Start of Block

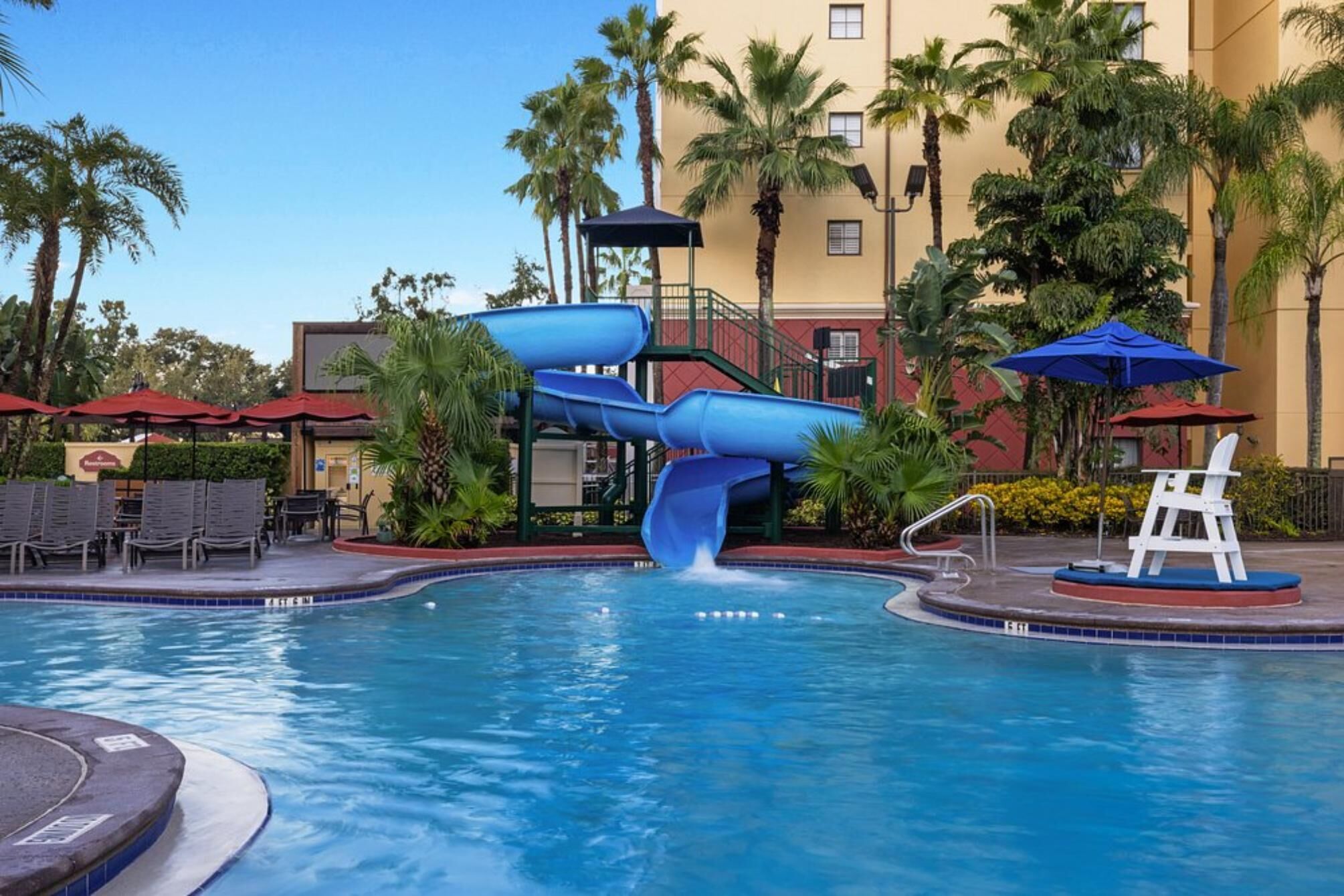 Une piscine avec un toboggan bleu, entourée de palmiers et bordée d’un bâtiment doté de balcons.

End of Block
Start of Block

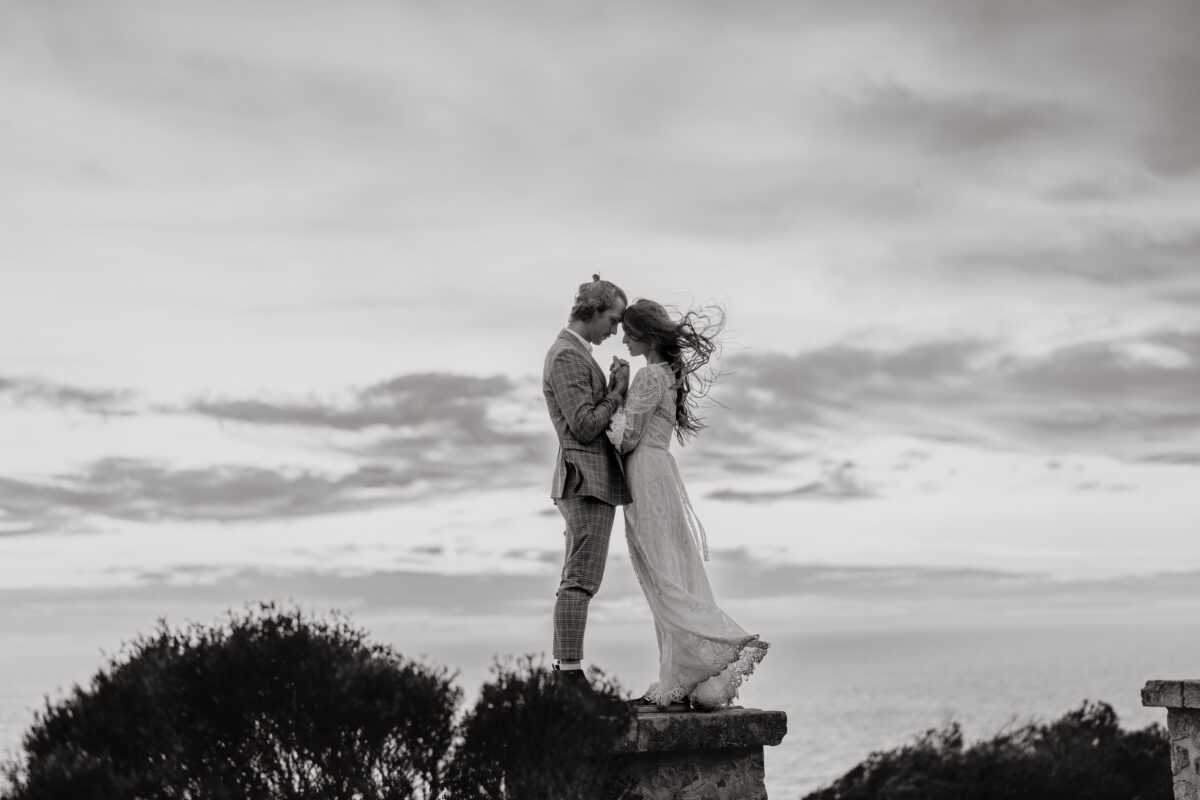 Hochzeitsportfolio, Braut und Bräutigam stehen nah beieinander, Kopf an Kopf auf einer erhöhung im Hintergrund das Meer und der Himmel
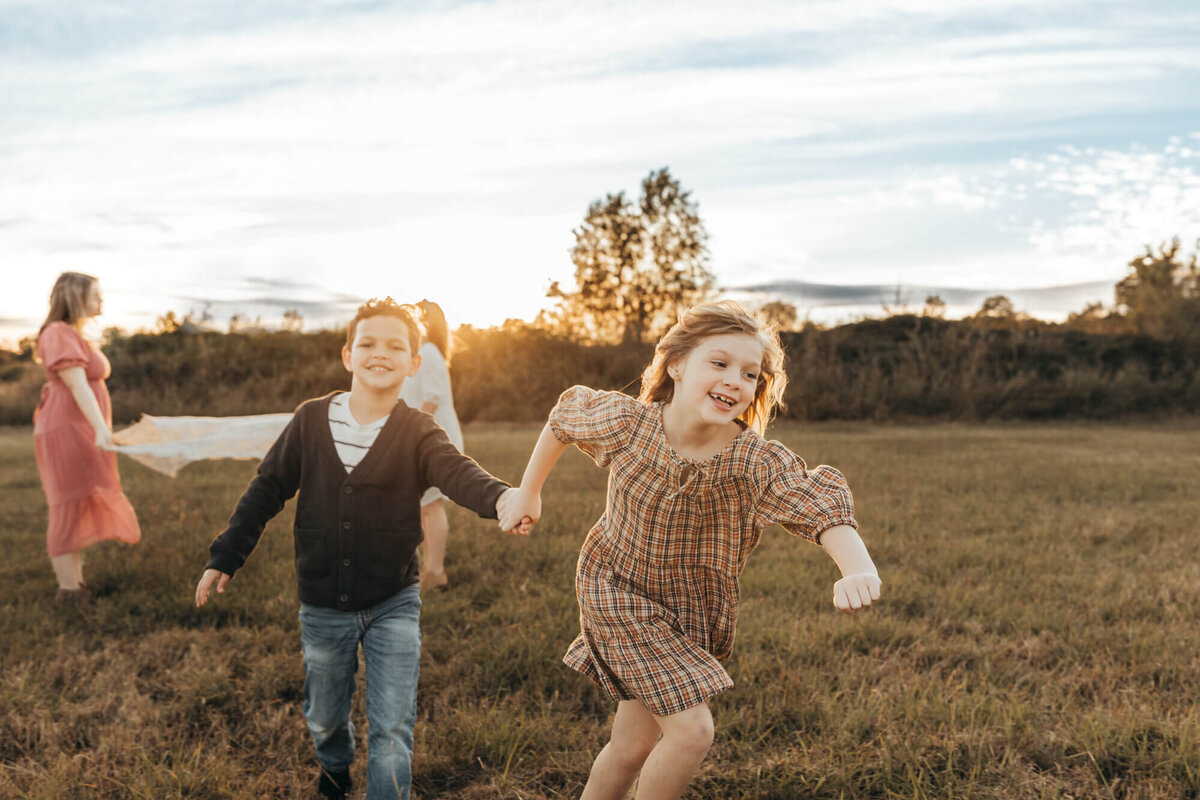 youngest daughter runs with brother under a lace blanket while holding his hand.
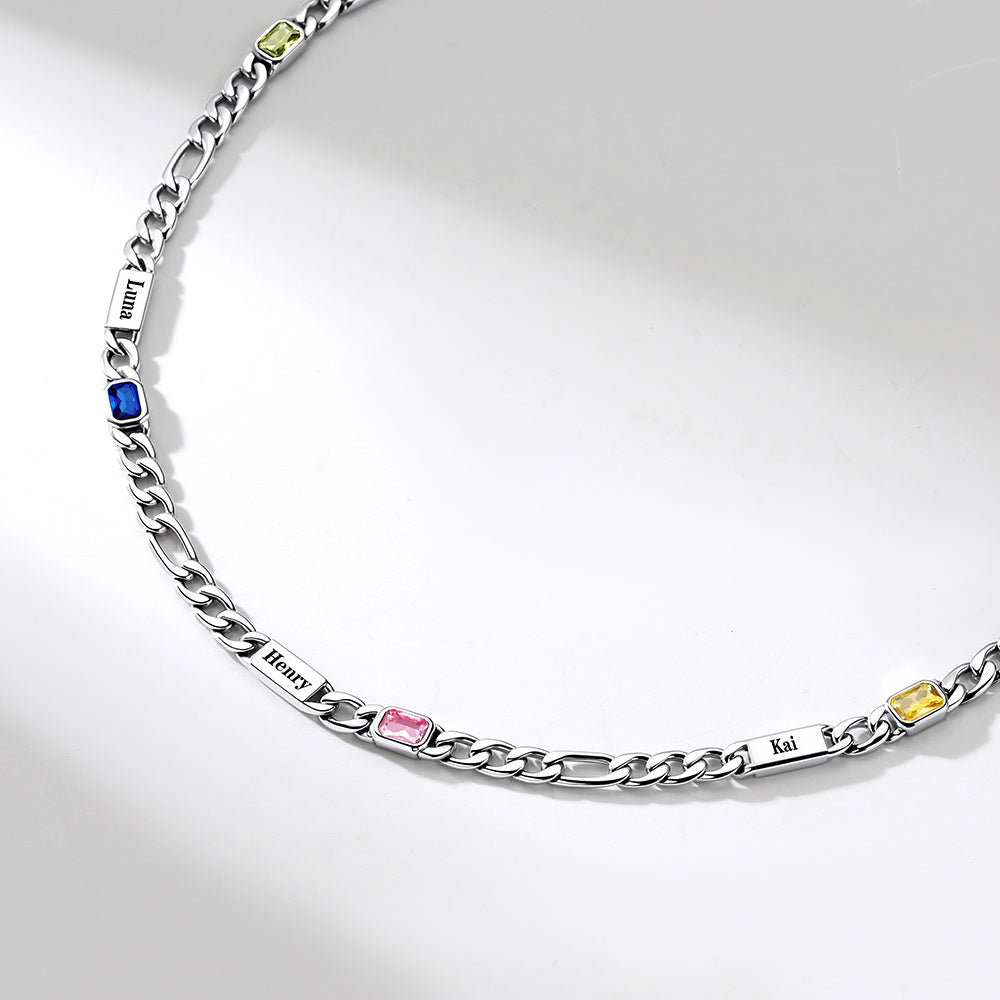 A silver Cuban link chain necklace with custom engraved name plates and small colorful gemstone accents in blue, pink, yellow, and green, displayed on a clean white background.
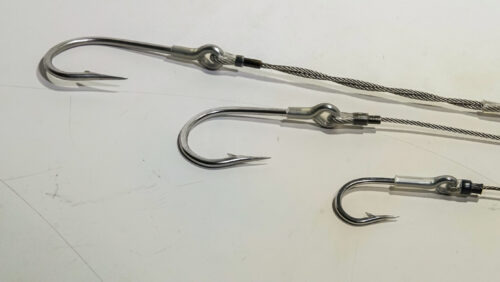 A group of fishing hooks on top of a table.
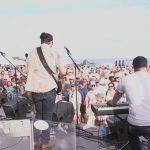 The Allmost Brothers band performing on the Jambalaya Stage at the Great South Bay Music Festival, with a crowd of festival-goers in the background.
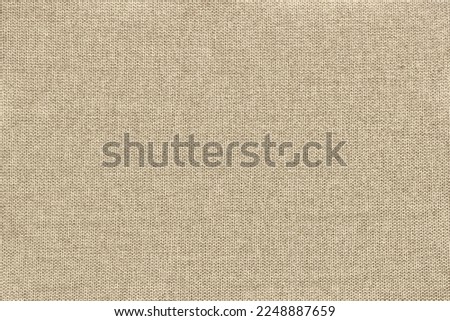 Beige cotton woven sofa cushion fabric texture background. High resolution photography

End of Block
Start of Block

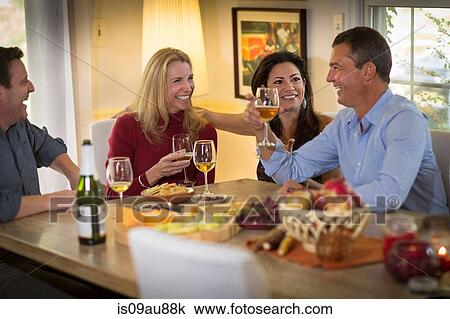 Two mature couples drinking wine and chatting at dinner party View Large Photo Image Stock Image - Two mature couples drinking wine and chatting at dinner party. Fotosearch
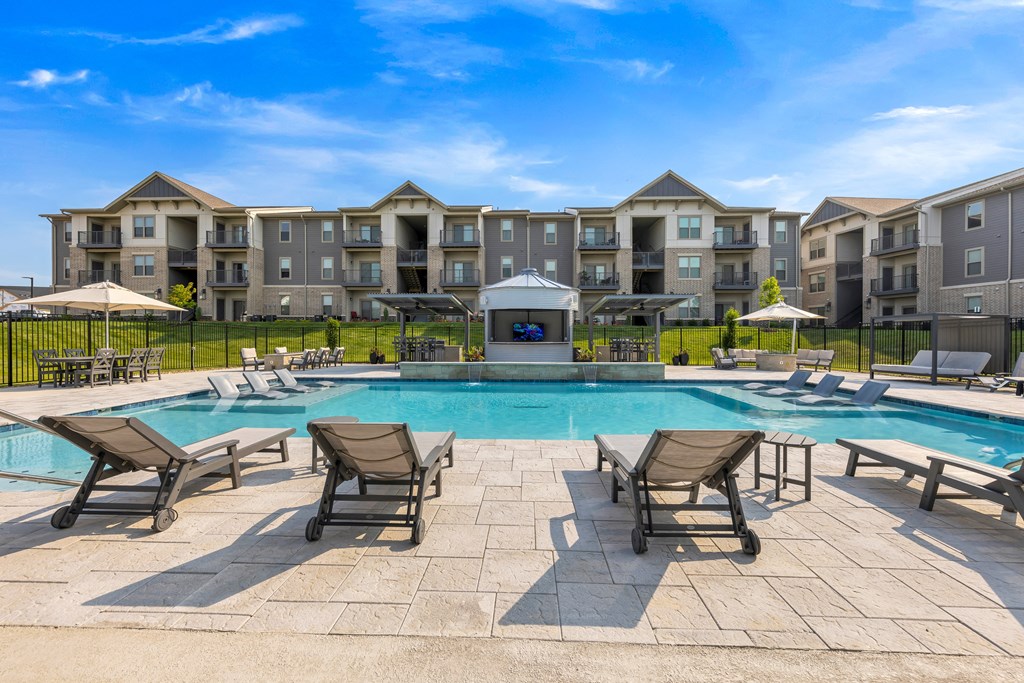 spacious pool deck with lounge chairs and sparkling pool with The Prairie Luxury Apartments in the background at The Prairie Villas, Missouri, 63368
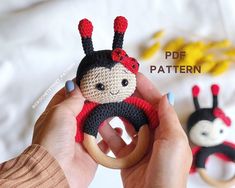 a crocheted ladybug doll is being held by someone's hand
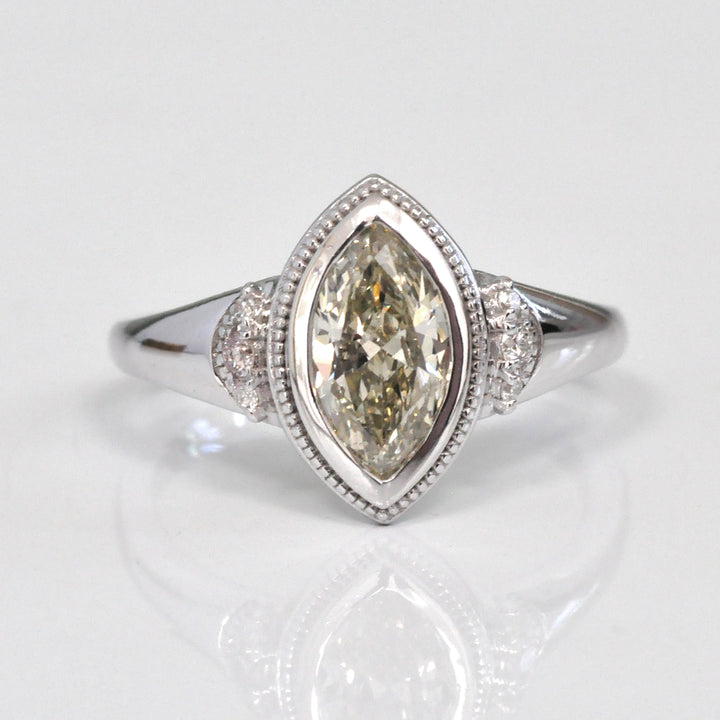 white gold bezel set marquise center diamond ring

End of Block

- **Aim of the exercise**
Excluding any pictures, print exactly the lines of the listing above from the line with "spacious pool deck" to the line with "white gold bezel", both ends included.

- **Your solution**
 spacious pool deck with lounge chairs and sparkling pool with The Prairie Luxury Apartments in the background at The Prairie Villas, Missouri, 63368
 a crocheted ladybug doll is being held by someone's hand
 white gold bezel set marquise center diamond ring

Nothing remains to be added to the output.